The amnesty report shows how the consequences go beyond environmental and land tenure considerations, deep into the very social fabric of these native communities. In summary, the report concludes, “The model of resource development, particularly the reliance on large numbers of transient workers, widens inequalities between Indigenous and nonIndigenous people and between women and men, negatively impacting Indigenous families’ access to food, housing and social services and increases risks of violence.” The report specifically criticizes government for failing to allocate sufficient resources to services necessary to meet these needs.

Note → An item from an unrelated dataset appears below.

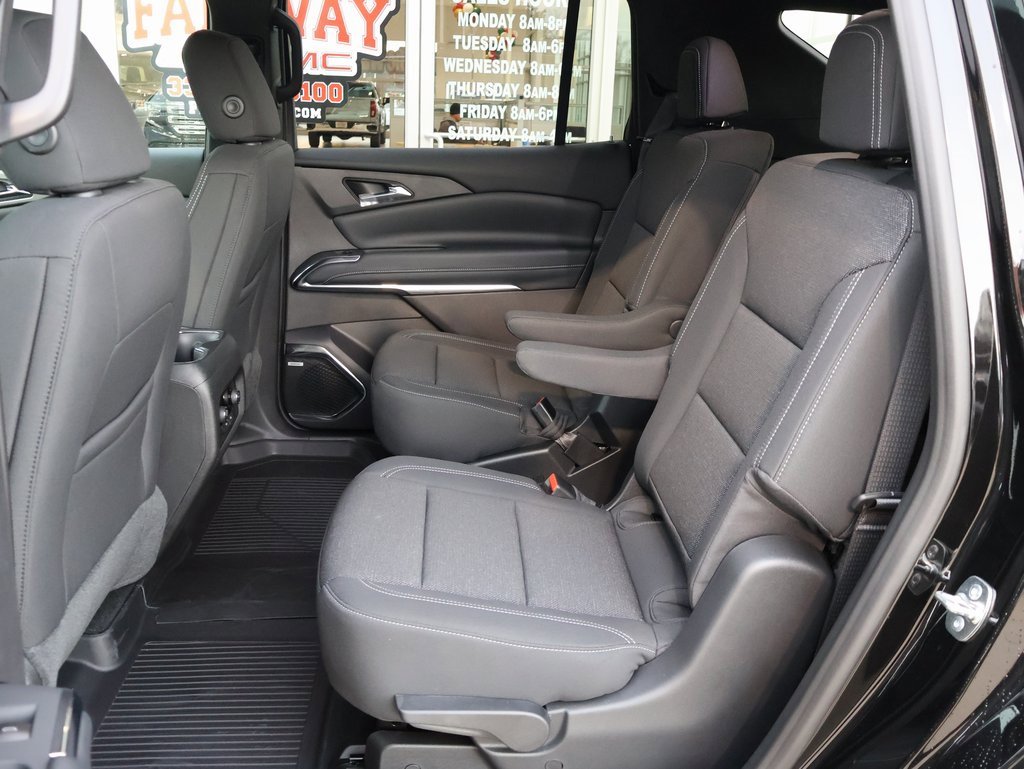New 2026 Chevrolet Traverse LT image 24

Natural Gas extraction (fracking) is only one of many resource activities, and PETRONAS only one of many corporate entities at work causing ‘disturbance’ in the Peace River area of Northeastern BC. These disturbances are evidenced in great detail in the David Suzuki Foundation 2016 report titled Atlas of Cumulative Landscape Disturbance in the Traditional Territory of Blueberry River First Nations. While there are many parties involved, it is PETRONAS that has recently and notably been the beneficiary of a British Columbia Environmental Assessment Office (EAO) decision that exemplifies the powerful corporate/ administrative forces that the small native communities have to contend with. PETRONAS was given unprecedented retrospective approval for two massive dams that were built on Blueberry River First Nation (BRFN) land without obtaining legally required permissions and exemptions. BRFN’s legal counsel Maegan Giltrow has said that this decision has been made in the face of Blueberry’s repeatedly expressed concerns about the diminishing water quality and quantity.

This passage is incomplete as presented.